The excitatory amino acid carrier SLC1A1 is affected in dicarboxylic aminoaciduria. This carrier is present in the small intestine, kidney, and brain, and transports the anionic acids L-glutamate, L– and D-aspartate, and L-cysteine. There are single case reports indicating that this disorder could be associated with hyperprolinemia and neurologic symptoms such as POLIP (polyneuropathy, ophthalmoplegia, leukoencephalopathy, intestinal pseudo-obstruction).

A histidine-specific transport system has also been proposed. A few patients have been reported with an intestinal and renal defect of this carrier. It has not been confirmed that patients with histidinuria, who have low plasma histidine levels, in contrast to histidinemia, develop neurologic symptoms (e.g., hearing loss, myoclonic seizures).

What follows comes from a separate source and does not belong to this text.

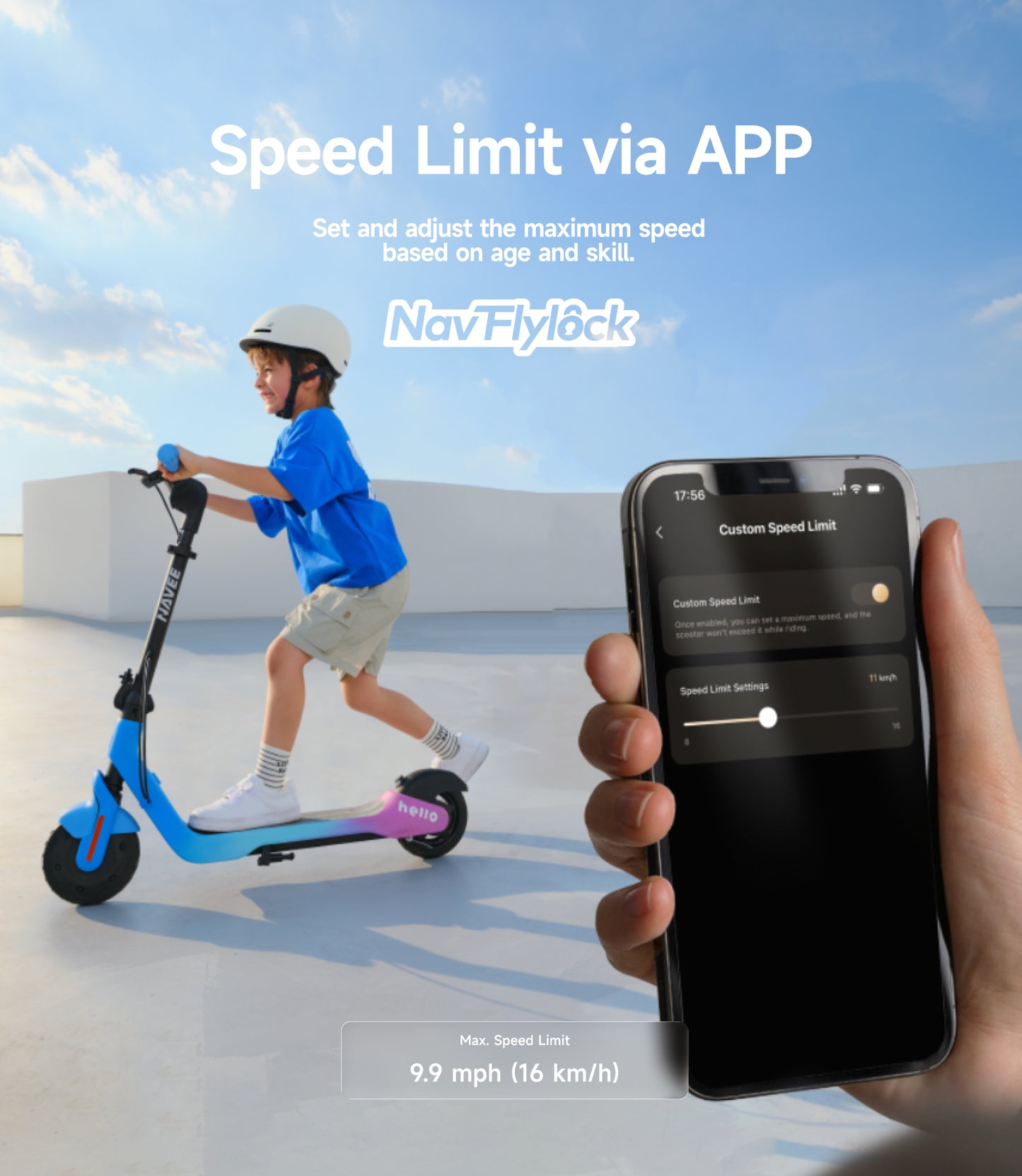NAVEE K100 Max Smart Kids Electric Scooter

A methionine-preferring transporter in the small intestine was suggested to be affected in Smith-Strang disease (oasthouse urine disease), which is characterized by purple, red-brown-colored urine with a cabbage-like odor, containing 2-hydroxybutyric acid, valine, and leucine. The potential symptoms of methionine malabsorption include neurologic signs, white hair, and diarrhea. Large amounts of methionine and branched-chain amino acids are present in the feces but not in the urine. A low-methionine diet is recommended to alleviate the symptoms.

Among the diseases (see the earlier discussion of cystinuria) with a membrane transport defect of cationic amino acids (lysine, arginine, ornithine), lysinuric protein intolerance (LPI) is the 2nd most common, with a prevalence in Finland of 1 in 60,000. The y⁺LAT-1 (SLC7A7) carrier at the basolateral membrane of the intestinal and renal epithelium is affected, with failure to deliver cytosolic dibasic cationic amino acids into the paracellular space in exchange for Na⁺ and neutral amino. This defect is not compensated by the SLC3A1/SLC7A9 transporter (at the apical membrane), the latter being affected in cystinuria. The symptoms of LPI, which appear after weaning, include diarrhea, failure to thrive, hepatosplenomegaly, nephritis, respiratory insufficiency, alveolar proteinosis, pulmonary fibrosis, and osteoporosis. Abnormalities of bone marrow have also been described in a subgroup of LPI patients. The disorder is characterized by low plasma concentrations of dibasic amino acids (in contrast to high levels of citrulline, glutamine, and alanine) and massive excretion of lysine (as well as orotic acid, ornithine, and arginine in moderate excess) in the urine. Hyperammonemia and coma usually develop after episodic attacks of vomiting, after fasting, or following administration of large amounts of protein (or alanine load), possibly due to a deficiency of intramitochondrial ornithine. Some patients show moderate retardation. Cutaneous manifestations can include alopecia, perianal dermatitis, and sparse hair. Some patients avoid protein-containing food. Treatment includes orally administered citrulline (200 mg/kg/day), which is well absorbed from the intestine; dietary protein restriction (<1.5 g/kg/day); and carnitine supplementation. One patient with isolated lysinuria has been reported with growth failure, seizures, and mental retardation.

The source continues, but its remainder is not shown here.